Three Dark Crowns
by Kendare Blake
This book got me. Got me good. If we had been fighting a duel, I would have bowed my head, said, “Touche,” and apologized for however I had given offense. And then probably applauded my honorable opponent for the impressive victory.
And then the next thing I knew, I’d be flat on my back, completely stunned, looking up at the book smirking over me, hearing the onlookers making shocked noises at how badly I had been slammed. Because just when I thought the book was done – it wasn’t done. It was just setting me up for the knockout.
All right, enough metaphor: let’s just get into it, shall we?
This is a young adult fantasy novel, one with young female protagonists and a fair amount of romance and social drama – friendships being made and broken, trusted advisors turning traitor, and so on – and so it would most likely appeal to young female fantasy fans. But I am only one of those things, and I enjoyed reading the book, so don’t let me pigeonhole it: it’s a good fantasy novel. It’s the first in a series, so it’s setting up the world and the long-haul plot; both are interesting. The world is based around a magical island, hidden by mists and guarded, so the people believe, by a goddess. This goddess creates a new group of potential rulers for the island once a generation, and that group is always the same: a set of triplets, all girls, born to the previous queen.
The difficulty is that only one of the girls can become queen.
The other two have to die.
The other key factor here – and honestly, the part of this book I had the most trouble with (Other than the portrayal of a couple of the teenaged boys, who were idiots or cads, but I’m not going to complain about that because Lord knows there have been more than enough fantasy novels where the female characters are the crappy ones, and it’s certainly not all the guys in this book who are twits; just two, one idiot and one cad. I’ll just shut up and take my lumps.), because it doesn’t work terribly well – is that each of these triplets has a magical power. There are three main magical powers on the island, grouped into houses; whichever house has the triplet who wins the crown becomes the ruling council for the length of her reign. The three powers are: elemental control, animal telepathy, and – poison.

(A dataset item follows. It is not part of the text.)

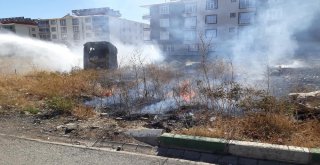 Bingölde, Ot Yangını Evlere Ulaşmadan Söndürüldü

Look, I don’t mean to be one of those comic book guy, gaming fantasy nerds who complain about a fantasy world being not as good as, say, Tolkien; but this honestly felt off to me. The animal telepathy I’ve got no problem with; there’s not an epic fantasy story in the world that hasn’t made me want to pull a Doctor Doolittle. I want to speak to the Eagles like Gandalf, and run with the wolves like Perrin Aybara, and communicate with dragons like Daenerys Targaryen. So that power was great. The elemental power seemed overbroad, because that queen can do everything: she can bring storms, she can bring earthquakes, she can dance wreathed in fire. And on the other hand, the poison-powered queen can, umm, eat poison. And not die. That’s it. Seems lame in comparison. Also not terribly useful in a magical duel to the death. So I admit, that bugged me a little, particularly because the story is about these three girls approaching the age when they are supposed to start fighting over the throne, meaning they have to kill each other; and really, what are the odds here? The animal telepath can control animals and send them to kill her sisters, and the elemental sister can bring fiery wrath from the skies; the poison sister can – not die while she eats poison. I really couldn’t make that work well in my head, and so it was a bit of a stumbling block.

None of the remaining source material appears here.